2 men convicted in Florida 'Xbox murders' resentenced to death
Published in News & Features
ORLANDO, Fla. – Two men convicted of killing six people in Deltona in 2004 in one of Central Florida’s most notorious mass killings known as the “Xbox murders” were given the death penalty again during a resentencing hearing Monday.
Troy Victorino and Jerone Hunter had their original death penalty sentences thrown out after a U.S. Supreme Court ruling in 2016 said Florida’s death penalty system was unconstitutional. Both convicts’ death penalty sentences came from juries that were not unanimous.

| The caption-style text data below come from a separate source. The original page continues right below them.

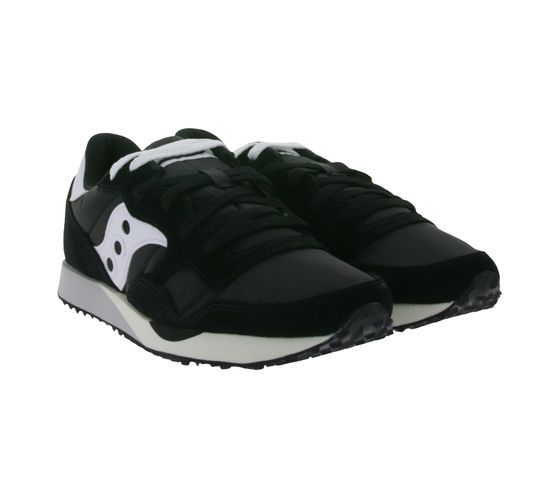 Saucony Dxn Trainer para hombre y mujer zapatillas deportivas de moda con detalles en cuero real y suela de EVA calzado deportivo S70757-13 negro/blanco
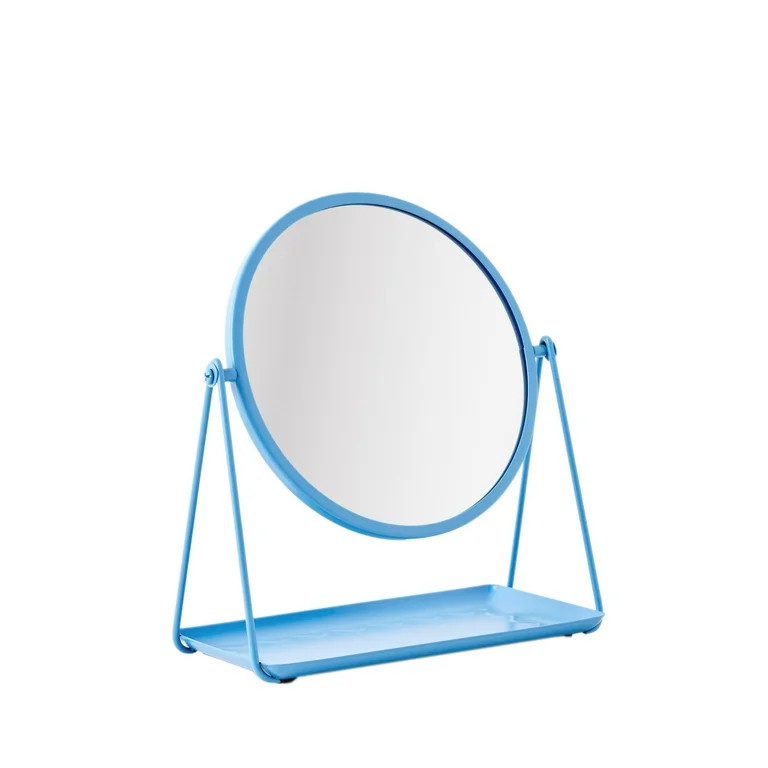 Mainstays by Becky G. & Alejandra Round Tabletop Mirror with Metal Tray, Blue | Walmart (US)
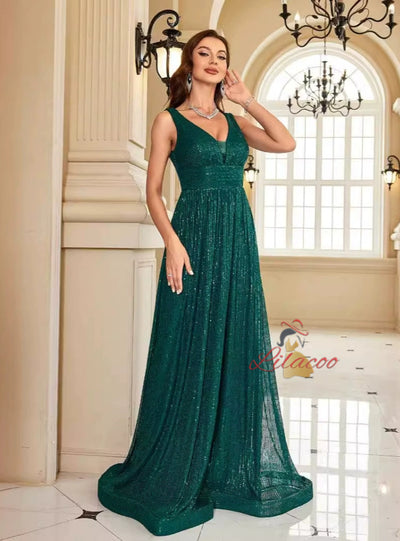 Green Sequins V-neck Prom Dress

A jury in May this year, though, recommended again they be given the death penalty during new sentencing hearings, but a judge had yet to give final ruling on that recommendation.
That came Monday morning at the Volusia County Courthouse when Judge Dawn Nichols with Florida’s 7th Judicial circuit confirmed the pair would head back to death row.

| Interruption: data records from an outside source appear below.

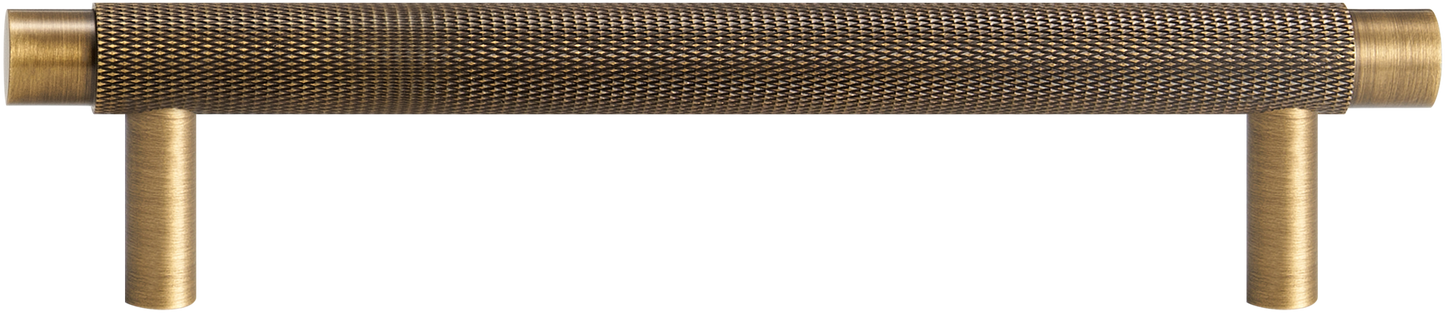 MERCER KNURLED CABINET PULL IN ANTIQUE BRASS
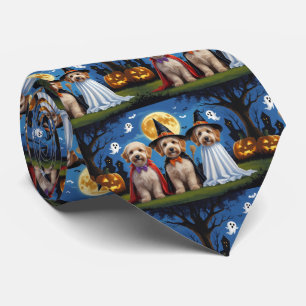 Goldendoodle Dogs Pumpkin Halloween Funny Neck Tie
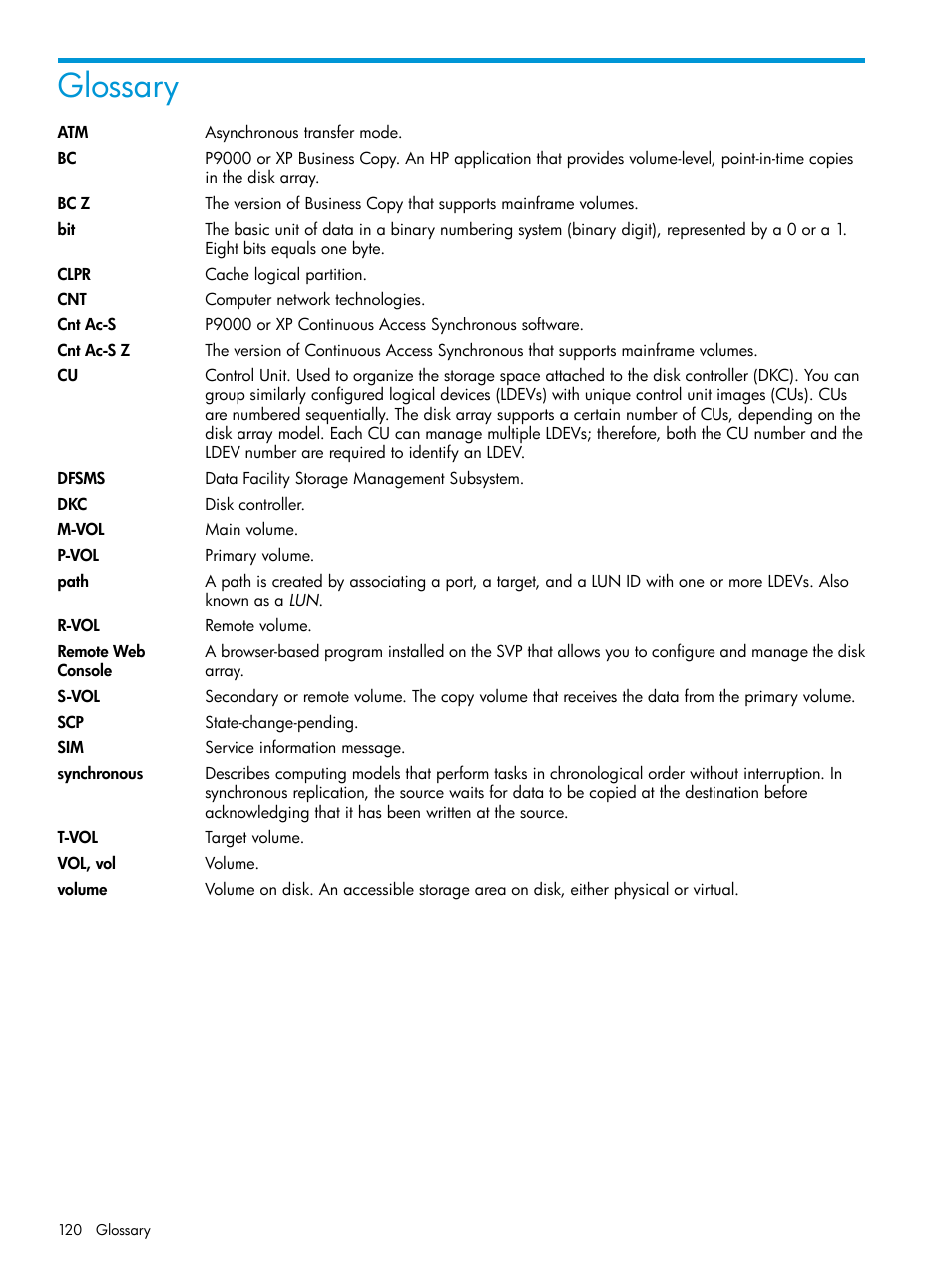Glossary | HP XP P9500 Storage User Manual | Page 120 / 122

In July they had participated in a Spencer hearing with Hunter in the courtroom and Victorino present from a jailhouse feed. Their lawyers presented evidence that could help sway the judge to not follow the jury recommendation, but instead impose a sentence of life imprisonment.
The court heard testimony from a neuropsychologist as well as from the aunt of Hunter who talked about his childhood.
The two had been convicted in 2006 of first-degree murder in the deaths of Jonathan Gleason, 17; Michelle Nathan, 19; Erin Belanger, 22; Roberto Gonzalez, 28; Francisco Ayo Roman, 30; and Anthony Vega, 34. Two other suspects in the murders, Michael Salas and Robert Cannon, remain in prison with life sentences.
All four were accused of beating the six victims to death along with a dog with aluminum baseball bats inside a home on Telford Lane in August 2004. The case was dubbed by media as the “Xbox murders” because one of the motives according to prosecutors behind the crime was Victorino retrieving an Xbox from the house claiming it had been stolen.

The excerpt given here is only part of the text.